There are quite a few TGV trains each day between Paris Montparnasse and Rennes, that can be as fast as 90 minutes. There are four buses from Rennes each day, that are timed to meet particular TGV trains. You can see the schedule here.
The bus will drop you at the Mont Saint Michel car park and from there you can catch the free bus shuttle to the island, or it’s about a 30 minute walk.
When you’re coming back to catch the bus for your return from Mont Saint Michel to Paris, leave yourself enough time to wait in the queue for the shuttle bus (or be prepared to walk, to guarantee how long it will take).
When is Mont Saint Michel open?
The general area around Mont Saint Michel is open all the time, in the same way that any town or natural bay would be. So, early in the morning or after dark, you can wander around and explore the region.
In fact, seeing as many tourists come just for a day trip, I think morning is the best time to see the streets of the island town. And sunrise and sunset are the most beautiful times of the day to get views of the island with the bay and surrounding natural areas.

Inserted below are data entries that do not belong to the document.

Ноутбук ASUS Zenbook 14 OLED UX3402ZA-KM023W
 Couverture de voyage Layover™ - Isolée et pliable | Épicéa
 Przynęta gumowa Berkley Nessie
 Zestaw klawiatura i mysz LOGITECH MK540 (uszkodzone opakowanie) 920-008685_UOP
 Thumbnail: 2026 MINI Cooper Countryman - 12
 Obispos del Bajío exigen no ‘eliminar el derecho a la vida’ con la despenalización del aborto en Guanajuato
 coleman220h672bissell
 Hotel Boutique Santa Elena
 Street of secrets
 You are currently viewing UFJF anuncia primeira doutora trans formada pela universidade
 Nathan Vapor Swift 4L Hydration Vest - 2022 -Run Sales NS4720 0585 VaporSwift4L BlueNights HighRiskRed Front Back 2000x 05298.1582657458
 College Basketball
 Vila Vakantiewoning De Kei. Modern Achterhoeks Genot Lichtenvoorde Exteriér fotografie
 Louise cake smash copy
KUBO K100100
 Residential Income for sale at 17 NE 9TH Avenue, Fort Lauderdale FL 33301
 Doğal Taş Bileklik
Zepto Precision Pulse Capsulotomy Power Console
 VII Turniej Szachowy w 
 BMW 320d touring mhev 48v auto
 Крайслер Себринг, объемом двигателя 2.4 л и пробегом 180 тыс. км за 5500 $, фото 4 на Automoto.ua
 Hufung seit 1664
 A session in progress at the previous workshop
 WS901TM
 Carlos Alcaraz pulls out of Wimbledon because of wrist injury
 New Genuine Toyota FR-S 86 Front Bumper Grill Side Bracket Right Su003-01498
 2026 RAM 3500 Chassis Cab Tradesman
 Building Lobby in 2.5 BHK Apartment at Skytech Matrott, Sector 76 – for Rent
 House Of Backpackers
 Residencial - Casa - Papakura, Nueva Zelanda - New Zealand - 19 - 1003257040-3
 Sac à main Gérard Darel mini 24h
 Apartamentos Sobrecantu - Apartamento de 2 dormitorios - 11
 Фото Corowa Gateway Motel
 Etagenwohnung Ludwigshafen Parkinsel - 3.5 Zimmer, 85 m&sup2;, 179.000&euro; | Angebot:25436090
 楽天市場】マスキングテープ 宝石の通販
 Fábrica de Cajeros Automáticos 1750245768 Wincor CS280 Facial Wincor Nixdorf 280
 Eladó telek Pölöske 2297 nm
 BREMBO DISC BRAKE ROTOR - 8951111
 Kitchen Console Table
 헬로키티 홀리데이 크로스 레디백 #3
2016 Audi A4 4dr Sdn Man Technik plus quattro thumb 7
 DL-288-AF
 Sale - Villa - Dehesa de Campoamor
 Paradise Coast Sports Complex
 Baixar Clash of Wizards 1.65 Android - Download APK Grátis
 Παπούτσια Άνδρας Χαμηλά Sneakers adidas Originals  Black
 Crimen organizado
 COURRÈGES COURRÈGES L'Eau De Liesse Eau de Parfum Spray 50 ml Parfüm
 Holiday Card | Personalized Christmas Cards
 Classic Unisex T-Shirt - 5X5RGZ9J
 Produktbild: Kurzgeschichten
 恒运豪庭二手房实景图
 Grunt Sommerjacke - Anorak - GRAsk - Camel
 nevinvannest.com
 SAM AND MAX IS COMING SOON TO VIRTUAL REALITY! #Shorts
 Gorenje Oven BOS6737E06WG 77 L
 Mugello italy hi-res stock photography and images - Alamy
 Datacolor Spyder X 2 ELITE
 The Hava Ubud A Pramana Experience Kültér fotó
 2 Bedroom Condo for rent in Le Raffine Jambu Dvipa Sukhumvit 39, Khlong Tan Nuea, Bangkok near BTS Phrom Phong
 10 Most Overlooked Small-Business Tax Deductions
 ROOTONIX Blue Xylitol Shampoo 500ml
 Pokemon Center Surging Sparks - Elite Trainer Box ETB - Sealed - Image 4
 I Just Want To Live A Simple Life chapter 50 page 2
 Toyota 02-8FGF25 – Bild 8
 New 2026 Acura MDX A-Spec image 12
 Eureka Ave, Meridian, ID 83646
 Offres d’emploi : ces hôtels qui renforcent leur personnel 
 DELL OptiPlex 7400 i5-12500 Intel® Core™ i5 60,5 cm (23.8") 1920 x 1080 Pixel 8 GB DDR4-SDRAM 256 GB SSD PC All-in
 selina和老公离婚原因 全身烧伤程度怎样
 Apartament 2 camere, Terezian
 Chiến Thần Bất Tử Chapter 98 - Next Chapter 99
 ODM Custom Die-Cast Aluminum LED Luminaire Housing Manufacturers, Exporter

The highlight of Mont Saint Michel – the abbey – does have opening times, though.
From 2 January to 30 April, it’s open every day from 09:30 – 18:00.
From 2 May to 31 August, it’s open every day from 09:00 – 19:00.
From 1 September to 31 December, it’s open every day from 09:30 – 18:00.
How much does it cost to visit Mont Saint Michel?
It is free to visit the general Mont Saint Michel area, including the town on the island. The shuttle bus that runs between the main parking lot and the island is also free.
But there is a cost to visit the Mont Saint Michel Abbey. Admission to the abbey is €10 for adults and €8 for concession.
Where to stay at Mont St Michel
When it comes to accommodation at Mont St Michel, there are three locations to consider. Do you want to stay on the island itself, in the mainland town, or in a different nearby town?
The benefit of the island is that you are staying in the heart of the site, surrounded by the history, with a unique experience. However, the accommodation here is expensive and many of the rooms are actually quite small because of the limited space. Still, the best hotels in Mont Saint Michel island are Auberge Saint Pierre, or Les Terrasses Poulard, or La Vieille Auberge.
Just a little but further away is the town of Beauvoir, where you can still easily access Mont Saint Michel but you’ll get much cheaper prices for accommodation. If you don’t mind a 20 minute walk to the bus station, I would recommend Le Beauvoir.